XXXX DOMENICA  Tempo Ordinario       24.10.2010

 

Siracide 35,12-14.16-18

Seconda Lettera a Timoteo 4,6-8.16-18

Vangelo secondo Luca 18,9-14

 

In quel tempo, Gesù disse ancora questa parabola per alcuni che avevano l’intima presunzione di essere giusti e disprezzavano gli altri: «Due uomini salirono al tempio a pregare: uno era fariseo e l’altro pubblicano. Il fariseo, stando in piedi, pregava così tra sé: “O Dio, ti ringrazio perché non sono come gli altri uomini, ladri, ingiusti, adùlteri, e neppure come questo pubblicano. Digiuno due volte alla settimana e pago le decime di tutto quello che possiedo”. Il pubblicano invece, fermatosi a distanza, non osava nemmeno alzare gli occhi al cielo, ma si batteva il petto dicendo: “O Dio, abbi pietà di me peccatore”. Io vi dico: questi, a differenza dell’altro, tornò a casa sua giustificato, perché chiunque si esalta sarà umiliato, chi invece si umilia sarà esaltato».

 

La bellezza dell’umiltà

 

Il vangelo di domenica scorsa si chiudeva con l’inquietante domanda di Gesù: «Ma il Figlio dell’uomo, quando verrà, troverà la fede sulla terra?», domanda che sollecita ad accogliere il suggerimento da lui dato: se vuoi conservare il dono della fede, prega con perseveranza, senza lasciarti abbattere dalla stanchezza, dalla mancanza di “risultati”, da altri interessi più concreti, o dalla noia.

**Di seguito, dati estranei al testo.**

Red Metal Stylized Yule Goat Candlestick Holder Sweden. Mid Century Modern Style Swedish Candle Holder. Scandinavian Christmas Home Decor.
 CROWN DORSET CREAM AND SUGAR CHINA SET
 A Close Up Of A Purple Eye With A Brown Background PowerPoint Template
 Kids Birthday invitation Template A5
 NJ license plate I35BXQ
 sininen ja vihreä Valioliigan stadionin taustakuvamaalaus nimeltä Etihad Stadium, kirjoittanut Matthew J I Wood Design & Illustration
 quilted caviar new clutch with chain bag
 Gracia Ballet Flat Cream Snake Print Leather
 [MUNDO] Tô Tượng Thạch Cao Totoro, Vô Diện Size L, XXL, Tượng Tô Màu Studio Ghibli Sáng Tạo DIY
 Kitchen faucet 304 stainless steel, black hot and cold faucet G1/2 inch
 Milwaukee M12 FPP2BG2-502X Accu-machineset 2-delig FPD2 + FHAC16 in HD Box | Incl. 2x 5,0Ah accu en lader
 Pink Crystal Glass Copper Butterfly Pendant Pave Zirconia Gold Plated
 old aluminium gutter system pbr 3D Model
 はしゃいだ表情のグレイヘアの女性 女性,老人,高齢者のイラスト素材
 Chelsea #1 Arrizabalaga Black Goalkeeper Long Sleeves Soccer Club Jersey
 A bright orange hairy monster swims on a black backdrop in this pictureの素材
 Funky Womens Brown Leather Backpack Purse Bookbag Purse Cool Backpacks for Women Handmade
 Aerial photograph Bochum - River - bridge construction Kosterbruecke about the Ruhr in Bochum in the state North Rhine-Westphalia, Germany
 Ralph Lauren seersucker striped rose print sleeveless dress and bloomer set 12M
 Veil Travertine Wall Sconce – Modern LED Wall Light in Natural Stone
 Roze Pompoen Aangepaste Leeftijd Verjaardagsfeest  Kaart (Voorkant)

Il vangelo di oggi aggiunge un altro mezzo: l’umiltà. Fede e umiltà lavorano in coppia. Non puoi essere capace di «gettare la fiducia in Dio» e di affidarti a lui anima e corpo, capace di confidare nella sua tenerezza e nel suo perdono e di confessare a lui i tuoi segreti più intimi, se non sei disposto a riconoscerti umilmente per ciò che sei: sostanzialmente una persona bisognosa del perdono suo e dei fratelli.

In casa cristiana, l’umiltà non è umiliazione o disprezzo di sé, ma accettazione sincera di se stessi, di fronte a Dio. Infatti, «quanto l’uomo vale davanti a Dio, tanto vale e non di più» (s. Francesco).

La parabola del fariseo e del pubblicano illustra efficacemente come intendere questa virtù, la cui preziosità e bellezza sono sempre tutte da riscoprire.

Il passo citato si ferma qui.